Arlette Farge: The way it happened was totally improbable, a product of fortune. I got a letter from him. I’m almost afraid to say it, because there were very few books cited in Discipline and Punish, as I indicated, but my thesis was quoted. Everyone told me, “Look, he’s citing you!” I couldn’t quantify the importance of that. My thesis was about people who stole food in 18th-century Paris. In 1980, I got a letter from him, and then a phone call asking me to come and see him. I didn’t know him. I didn’t attend his seminars. I didn’t go to his lectures. I was very intimidated. I hesitated. But then I went. To his house. That wasn’t something you could refuse. He asked me, since I was working with archives that treated material similar to what he was working with—whether we could write something together, using the lettres de cachet and the requests from families to lock up their relatives. That was the end of my hesitations. He was extremely courteous, convincing, enthusiastic, funny, everything that makes the life of the mind so fascinating. That’s how we started working together. In my life, there was a before and an after. A meeting like that will do it. Writing like that too, with him, for two years. I was the same, yet I was different.

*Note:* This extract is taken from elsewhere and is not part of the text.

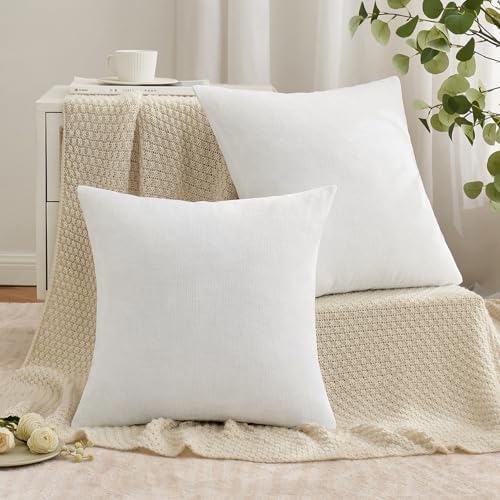 MIULEE White Chenille Couch Throw Pillow Covers, 20x20 - Image 4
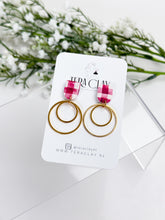 Load image into Gallery viewer, The Red Chevron Round Dangles (also in silver)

He wanted to write the history of the dominated. Why was that?
Arlette Farge: I don’t think we can separate an involvement from a choice of scientific object. No historian can say he or she doesn’t have an intimate relation with his object of research. Maybe I’m wrong, but prison and madness, more than homosexuality—because of his work on medicine and the clinic—were his two very important focal points. They necessarily led to homosexuality because the medical knowledge that asserted that the homosexual is a madman and that the hysterical woman is a madwoman produced continuity. The focal point is exclusion. People don’t talk enough about the magnificent book that I believe is one of his most beautiful, The Birth of the Clinic. Everything is there. The way the doctor gazes upon the body and the astonishing analysis Foucault gives us about the body and medical knowledge and anatomical dissection, the discovery of the body: everything he would go on to say or already said is in there. So, yes, the dominated. I think Foucault understood what it was to be dominated.
In his view, violence organized the world by setting down borders?
Arlette Farge: Did he believe that violence is what organizes society? I would say that conflict with the many powers it contains forms its basis, but also the conflict with oneself, since these powers, as he explained so well, have all been interiorized. We are their bearers. We have power over them. The schema of power above and the people below—that’s just not true. Foucault inverted the problem of domination—in the Marxist sense, I mean. I think what’s important in his work is violence and power, how power is contaminated and internalized by all of us. That’s where the strength of violence comes from. It enslaves us and sets us free.
Featured photograph by Edouard Boubat, 1968.